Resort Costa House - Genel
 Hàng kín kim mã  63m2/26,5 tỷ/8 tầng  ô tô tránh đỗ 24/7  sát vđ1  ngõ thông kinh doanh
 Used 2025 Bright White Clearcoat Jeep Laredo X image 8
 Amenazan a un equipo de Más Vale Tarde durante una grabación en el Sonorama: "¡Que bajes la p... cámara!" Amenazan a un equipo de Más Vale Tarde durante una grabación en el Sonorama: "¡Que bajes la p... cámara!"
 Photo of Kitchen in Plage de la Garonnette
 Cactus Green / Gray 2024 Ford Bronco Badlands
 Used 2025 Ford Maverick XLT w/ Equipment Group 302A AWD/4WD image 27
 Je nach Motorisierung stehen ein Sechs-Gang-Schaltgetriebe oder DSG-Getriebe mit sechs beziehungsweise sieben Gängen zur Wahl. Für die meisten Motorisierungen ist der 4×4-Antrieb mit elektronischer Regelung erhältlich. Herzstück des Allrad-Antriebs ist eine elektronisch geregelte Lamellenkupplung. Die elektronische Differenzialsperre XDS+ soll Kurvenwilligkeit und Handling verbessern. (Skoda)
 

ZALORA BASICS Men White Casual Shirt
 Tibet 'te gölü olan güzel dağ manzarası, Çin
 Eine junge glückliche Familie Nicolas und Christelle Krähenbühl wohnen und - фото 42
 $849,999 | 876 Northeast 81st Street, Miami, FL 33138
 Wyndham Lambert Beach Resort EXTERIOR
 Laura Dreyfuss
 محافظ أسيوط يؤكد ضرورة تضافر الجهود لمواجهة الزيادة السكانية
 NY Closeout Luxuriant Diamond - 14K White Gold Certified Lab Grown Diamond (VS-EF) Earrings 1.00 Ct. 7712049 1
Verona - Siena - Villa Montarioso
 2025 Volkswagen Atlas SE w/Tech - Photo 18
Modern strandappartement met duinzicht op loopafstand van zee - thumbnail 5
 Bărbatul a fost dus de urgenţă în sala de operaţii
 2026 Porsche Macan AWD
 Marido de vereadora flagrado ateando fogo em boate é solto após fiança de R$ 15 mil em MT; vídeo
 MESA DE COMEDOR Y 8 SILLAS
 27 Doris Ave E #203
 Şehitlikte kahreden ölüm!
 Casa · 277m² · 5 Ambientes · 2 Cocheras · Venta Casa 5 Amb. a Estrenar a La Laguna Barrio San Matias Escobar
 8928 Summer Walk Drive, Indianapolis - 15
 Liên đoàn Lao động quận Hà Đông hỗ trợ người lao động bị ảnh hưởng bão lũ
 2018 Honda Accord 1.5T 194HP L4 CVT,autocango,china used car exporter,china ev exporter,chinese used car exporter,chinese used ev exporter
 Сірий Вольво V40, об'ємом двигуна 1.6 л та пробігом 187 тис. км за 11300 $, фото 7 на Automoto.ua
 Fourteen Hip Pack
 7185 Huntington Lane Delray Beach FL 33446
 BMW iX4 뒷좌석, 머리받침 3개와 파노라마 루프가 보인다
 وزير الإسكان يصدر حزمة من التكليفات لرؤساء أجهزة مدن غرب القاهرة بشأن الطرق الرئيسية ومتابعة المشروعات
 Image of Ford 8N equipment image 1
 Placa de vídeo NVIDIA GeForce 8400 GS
----------
BRIEF | Starting with the line that contains "2025 Volkswagen Atlas SE w/Tech - Photo 18", print each line through the last one in the listing. Include both end lines and add nothing.

THE COMPLETED TASK |
 2025 Volkswagen Atlas SE w/Tech - Photo 18
Modern strandappartement met duinzicht op loopafstand van zee - thumbnail 5
 Bărbatul a fost dus de urgenţă în sala de operaţii
 2026 Porsche Macan AWD
 Marido de vereadora flagrado ateando fogo em boate é solto após fiança de R$ 15 mil em MT; vídeo
 MESA DE COMEDOR Y 8 SILLAS
 27 Doris Ave E #203
 Şehitlikte kahreden ölüm!
 Casa · 277m² · 5 Ambientes · 2 Cocheras · Venta Casa 5 Amb. a Estrenar a La Laguna Barrio San Matias Escobar
 8928 Summer Walk Drive, Indianapolis - 15
 Liên đoàn Lao động quận Hà Đông hỗ trợ người lao động bị ảnh hưởng bão lũ
 2018 Honda Accord 1.5T 194HP L4 CVT,autocango,china used car exporter,china ev exporter,chinese used car exporter,chinese used ev exporter
 Сірий Вольво V40, об'ємом двигуна 1.6 л та пробігом 187 тис. км за 11300 $, фото 7 на Automoto.ua
 Fourteen Hip Pack
 7185 Huntington Lane Delray Beach FL 33446
 BMW iX4 뒷좌석, 머리받침 3개와 파노라마 루프가 보인다
 وزير الإسكان يصدر حزمة من التكليفات لرؤساء أجهزة مدن غرب القاهرة بشأن الطرق الرئيسية ومتابعة المشروعات
 Image of Ford 8N equipment image 1
 Placa de vídeo NVIDIA GeForce 8400 GS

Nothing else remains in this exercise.